WHAT THE TASK ASKS:
The required output is the exact run of lines below that opens at the line with "我真的没(méi)想重生" and closes at the line with "Надувная SUP-доска FunWater, Supboard, сапборд, сап".

Data extracted from a collection:
· · ·

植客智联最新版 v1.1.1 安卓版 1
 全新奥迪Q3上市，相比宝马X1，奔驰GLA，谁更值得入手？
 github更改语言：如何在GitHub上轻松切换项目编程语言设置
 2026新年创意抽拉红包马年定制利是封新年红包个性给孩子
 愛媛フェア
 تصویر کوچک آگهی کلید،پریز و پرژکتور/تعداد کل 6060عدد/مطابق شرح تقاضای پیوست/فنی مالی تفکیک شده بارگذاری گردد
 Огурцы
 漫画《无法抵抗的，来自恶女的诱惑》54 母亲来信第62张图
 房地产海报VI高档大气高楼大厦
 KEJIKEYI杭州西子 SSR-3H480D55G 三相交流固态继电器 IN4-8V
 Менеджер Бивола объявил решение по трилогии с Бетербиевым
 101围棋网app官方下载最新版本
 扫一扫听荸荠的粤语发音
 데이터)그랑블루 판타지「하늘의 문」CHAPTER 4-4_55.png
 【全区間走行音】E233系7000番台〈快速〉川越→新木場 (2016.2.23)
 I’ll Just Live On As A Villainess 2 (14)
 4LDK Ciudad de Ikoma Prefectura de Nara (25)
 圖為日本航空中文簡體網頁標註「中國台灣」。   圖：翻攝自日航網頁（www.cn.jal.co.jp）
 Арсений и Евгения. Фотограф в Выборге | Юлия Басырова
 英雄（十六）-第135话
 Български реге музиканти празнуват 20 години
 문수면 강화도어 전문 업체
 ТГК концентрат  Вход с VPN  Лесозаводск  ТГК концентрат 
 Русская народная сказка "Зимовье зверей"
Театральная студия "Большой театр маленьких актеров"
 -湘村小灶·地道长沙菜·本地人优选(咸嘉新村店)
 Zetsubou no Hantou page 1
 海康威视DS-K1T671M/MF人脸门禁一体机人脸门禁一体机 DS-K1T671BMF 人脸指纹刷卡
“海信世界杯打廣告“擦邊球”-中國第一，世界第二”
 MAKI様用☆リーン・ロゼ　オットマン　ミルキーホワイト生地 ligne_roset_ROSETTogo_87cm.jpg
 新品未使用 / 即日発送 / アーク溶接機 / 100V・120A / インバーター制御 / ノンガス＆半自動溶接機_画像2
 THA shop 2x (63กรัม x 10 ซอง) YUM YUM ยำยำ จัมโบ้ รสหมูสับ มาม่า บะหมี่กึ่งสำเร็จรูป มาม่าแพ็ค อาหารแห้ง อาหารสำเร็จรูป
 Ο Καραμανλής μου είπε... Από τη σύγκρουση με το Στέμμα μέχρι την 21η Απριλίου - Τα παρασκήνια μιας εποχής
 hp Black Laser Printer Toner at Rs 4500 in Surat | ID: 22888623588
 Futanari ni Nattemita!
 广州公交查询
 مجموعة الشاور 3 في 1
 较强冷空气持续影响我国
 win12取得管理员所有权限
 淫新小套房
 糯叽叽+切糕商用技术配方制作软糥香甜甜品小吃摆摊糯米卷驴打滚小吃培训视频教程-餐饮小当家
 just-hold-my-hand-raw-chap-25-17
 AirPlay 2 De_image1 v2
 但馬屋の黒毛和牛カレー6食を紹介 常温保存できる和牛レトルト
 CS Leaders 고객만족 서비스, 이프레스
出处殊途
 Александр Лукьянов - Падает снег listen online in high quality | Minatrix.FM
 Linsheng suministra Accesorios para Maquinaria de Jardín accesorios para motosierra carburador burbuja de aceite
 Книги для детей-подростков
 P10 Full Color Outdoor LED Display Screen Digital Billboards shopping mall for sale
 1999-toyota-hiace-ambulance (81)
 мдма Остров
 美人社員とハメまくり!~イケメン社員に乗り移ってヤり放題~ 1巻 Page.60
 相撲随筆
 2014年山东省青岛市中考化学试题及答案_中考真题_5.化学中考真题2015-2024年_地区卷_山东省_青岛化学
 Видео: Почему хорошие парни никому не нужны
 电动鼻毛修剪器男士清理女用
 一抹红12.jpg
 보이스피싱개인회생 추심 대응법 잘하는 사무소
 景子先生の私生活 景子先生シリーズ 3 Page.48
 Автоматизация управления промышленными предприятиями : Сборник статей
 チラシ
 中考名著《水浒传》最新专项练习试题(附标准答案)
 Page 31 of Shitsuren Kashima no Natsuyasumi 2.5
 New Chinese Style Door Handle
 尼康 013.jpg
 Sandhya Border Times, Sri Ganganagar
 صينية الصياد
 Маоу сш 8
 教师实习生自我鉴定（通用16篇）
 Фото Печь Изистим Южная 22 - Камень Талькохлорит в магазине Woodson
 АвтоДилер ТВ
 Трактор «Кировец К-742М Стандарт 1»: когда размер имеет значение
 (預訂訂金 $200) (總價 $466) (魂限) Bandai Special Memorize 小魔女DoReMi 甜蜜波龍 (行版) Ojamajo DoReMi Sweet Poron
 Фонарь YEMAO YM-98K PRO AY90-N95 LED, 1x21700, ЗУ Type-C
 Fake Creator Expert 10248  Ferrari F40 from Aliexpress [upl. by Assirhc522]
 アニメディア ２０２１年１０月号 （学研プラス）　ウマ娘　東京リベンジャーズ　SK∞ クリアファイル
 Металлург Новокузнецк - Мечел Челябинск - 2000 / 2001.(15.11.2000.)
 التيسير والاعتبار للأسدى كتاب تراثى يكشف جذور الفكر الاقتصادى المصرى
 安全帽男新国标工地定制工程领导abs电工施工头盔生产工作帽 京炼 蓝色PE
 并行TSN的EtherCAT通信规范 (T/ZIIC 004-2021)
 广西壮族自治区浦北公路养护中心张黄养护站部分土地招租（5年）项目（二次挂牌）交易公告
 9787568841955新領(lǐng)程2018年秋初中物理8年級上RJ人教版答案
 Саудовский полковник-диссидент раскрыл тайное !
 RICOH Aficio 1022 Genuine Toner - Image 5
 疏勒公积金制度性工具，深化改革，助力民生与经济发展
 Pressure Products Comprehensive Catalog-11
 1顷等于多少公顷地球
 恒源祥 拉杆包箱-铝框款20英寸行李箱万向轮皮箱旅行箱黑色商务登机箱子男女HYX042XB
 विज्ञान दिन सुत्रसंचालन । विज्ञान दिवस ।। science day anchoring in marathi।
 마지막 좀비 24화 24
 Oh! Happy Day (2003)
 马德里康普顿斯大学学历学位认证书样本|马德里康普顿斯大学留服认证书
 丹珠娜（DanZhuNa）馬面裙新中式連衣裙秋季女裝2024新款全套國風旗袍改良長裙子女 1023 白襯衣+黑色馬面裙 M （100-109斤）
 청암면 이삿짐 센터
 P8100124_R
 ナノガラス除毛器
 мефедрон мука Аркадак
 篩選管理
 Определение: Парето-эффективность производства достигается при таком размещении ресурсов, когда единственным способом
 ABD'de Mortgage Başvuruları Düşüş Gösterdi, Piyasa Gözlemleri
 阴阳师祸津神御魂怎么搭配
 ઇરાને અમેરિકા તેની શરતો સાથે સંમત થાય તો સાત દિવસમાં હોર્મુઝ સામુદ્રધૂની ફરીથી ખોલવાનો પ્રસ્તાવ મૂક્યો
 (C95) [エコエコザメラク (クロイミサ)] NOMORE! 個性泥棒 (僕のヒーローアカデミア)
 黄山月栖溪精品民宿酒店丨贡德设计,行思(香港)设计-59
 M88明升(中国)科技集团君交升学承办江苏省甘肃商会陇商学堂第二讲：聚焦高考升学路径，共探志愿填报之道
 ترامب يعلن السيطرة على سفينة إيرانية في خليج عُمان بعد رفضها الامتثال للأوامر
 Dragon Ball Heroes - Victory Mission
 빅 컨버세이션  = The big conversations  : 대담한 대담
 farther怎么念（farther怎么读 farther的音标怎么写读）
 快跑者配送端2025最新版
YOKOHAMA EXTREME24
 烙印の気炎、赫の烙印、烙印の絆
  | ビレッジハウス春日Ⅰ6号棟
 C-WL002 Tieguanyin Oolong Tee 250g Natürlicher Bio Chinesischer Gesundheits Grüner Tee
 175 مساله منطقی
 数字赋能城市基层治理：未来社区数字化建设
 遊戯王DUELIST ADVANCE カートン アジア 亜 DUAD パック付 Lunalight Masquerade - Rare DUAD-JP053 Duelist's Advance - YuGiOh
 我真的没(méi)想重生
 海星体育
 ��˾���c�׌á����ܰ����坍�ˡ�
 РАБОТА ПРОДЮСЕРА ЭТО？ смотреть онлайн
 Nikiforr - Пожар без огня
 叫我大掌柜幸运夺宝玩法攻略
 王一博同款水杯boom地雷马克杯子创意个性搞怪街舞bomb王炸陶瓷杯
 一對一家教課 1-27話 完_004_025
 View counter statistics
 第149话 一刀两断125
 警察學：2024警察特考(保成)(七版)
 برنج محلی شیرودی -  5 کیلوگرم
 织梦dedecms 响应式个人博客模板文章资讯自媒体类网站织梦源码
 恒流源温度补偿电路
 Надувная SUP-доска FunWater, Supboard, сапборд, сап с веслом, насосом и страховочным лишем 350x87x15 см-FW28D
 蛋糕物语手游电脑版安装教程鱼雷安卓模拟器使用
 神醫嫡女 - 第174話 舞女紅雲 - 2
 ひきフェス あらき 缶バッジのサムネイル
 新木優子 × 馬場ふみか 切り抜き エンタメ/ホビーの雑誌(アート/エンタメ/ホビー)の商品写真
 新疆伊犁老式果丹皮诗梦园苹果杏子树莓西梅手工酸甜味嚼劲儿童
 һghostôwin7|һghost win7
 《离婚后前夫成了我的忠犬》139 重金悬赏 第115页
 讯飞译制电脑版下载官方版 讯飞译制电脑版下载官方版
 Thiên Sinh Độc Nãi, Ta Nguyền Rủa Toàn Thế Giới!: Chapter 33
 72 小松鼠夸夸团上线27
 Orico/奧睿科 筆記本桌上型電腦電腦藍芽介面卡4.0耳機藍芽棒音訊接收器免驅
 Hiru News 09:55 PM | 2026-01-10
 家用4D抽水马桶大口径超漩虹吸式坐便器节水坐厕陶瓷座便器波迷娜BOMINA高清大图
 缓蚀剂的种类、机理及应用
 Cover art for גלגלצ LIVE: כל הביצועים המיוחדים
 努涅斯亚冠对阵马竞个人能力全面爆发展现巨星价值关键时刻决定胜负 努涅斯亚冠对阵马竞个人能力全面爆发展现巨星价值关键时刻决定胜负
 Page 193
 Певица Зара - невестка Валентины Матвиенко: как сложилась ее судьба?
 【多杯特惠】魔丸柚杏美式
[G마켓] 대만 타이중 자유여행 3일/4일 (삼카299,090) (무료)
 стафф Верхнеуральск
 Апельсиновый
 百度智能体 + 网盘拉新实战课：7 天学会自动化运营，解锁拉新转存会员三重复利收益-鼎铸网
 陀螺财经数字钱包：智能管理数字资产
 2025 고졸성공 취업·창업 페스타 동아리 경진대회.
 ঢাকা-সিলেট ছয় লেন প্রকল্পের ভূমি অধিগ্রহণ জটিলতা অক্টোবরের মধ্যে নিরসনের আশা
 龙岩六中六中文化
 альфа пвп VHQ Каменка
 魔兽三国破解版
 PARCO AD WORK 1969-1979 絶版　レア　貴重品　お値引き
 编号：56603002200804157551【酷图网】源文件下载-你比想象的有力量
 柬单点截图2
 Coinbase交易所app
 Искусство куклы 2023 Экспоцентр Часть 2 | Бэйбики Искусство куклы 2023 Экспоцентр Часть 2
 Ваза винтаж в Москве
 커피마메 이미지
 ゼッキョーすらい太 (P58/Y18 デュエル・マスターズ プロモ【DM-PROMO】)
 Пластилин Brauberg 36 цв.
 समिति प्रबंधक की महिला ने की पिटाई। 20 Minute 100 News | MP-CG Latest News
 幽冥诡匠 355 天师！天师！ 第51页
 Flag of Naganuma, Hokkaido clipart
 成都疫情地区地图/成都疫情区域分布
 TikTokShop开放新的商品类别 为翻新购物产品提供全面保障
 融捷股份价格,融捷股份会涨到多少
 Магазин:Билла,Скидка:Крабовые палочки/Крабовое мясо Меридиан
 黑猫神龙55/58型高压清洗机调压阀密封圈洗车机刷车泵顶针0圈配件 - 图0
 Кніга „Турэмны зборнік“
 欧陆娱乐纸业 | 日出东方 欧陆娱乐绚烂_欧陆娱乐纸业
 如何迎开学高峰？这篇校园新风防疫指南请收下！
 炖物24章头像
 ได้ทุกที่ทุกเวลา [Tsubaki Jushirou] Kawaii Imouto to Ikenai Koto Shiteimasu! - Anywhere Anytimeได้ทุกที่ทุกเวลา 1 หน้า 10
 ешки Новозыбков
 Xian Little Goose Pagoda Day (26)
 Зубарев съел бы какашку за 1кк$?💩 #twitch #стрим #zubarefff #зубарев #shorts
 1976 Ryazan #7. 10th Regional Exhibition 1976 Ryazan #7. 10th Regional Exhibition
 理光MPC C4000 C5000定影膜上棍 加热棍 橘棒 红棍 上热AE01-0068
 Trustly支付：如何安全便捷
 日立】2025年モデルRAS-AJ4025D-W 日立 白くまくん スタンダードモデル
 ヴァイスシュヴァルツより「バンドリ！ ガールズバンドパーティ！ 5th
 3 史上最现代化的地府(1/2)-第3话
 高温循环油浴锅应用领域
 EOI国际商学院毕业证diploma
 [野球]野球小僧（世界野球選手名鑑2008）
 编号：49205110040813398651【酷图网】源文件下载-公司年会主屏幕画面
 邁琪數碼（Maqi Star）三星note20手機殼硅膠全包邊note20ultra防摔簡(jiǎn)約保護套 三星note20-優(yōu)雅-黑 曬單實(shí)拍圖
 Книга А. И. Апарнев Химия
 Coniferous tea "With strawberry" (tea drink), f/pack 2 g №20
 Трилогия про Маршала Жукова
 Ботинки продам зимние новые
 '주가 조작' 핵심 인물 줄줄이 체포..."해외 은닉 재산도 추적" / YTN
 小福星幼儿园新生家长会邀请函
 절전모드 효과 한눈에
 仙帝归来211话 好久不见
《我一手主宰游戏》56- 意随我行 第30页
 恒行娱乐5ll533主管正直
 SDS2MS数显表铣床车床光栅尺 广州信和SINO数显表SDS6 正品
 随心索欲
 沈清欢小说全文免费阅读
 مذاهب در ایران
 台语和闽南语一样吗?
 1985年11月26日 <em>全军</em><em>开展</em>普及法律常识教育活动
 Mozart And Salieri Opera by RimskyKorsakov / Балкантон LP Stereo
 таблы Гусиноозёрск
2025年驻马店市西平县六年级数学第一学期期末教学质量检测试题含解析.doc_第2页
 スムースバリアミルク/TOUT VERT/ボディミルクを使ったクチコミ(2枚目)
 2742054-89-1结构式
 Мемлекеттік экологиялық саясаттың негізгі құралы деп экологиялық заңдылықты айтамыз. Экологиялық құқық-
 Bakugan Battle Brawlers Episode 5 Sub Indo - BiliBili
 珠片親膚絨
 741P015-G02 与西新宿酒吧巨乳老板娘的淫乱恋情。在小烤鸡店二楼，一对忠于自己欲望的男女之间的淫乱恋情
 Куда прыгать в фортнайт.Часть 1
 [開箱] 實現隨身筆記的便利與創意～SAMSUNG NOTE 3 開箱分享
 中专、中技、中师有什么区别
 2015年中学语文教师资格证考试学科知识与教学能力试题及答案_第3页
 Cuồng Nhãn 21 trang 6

· · ·

TASK OUTPUT:
 我真的没(méi)想重生
 海星体育
 ��˾���c�׌á����ܰ����坍�ˡ�
 РАБОТА ПРОДЮСЕРА ЭТО？ смотреть онлайн
 Nikiforr - Пожар без огня
 叫我大掌柜幸运夺宝玩法攻略
 王一博同款水杯boom地雷马克杯子创意个性搞怪街舞bomb王炸陶瓷杯
 一對一家教課 1-27話 完_004_025
 View counter statistics
 第149话 一刀两断125
 警察學：2024警察特考(保成)(七版)
 برنج محلی شیرودی -  5 کیلوگرم
 织梦dedecms 响应式个人博客模板文章资讯自媒体类网站织梦源码
 恒流源温度补偿电路
 Надувная SUP-доска FunWater, Supboard, сапборд, сап с веслом, насосом и страховочным лишем 350x87x15 см-FW28D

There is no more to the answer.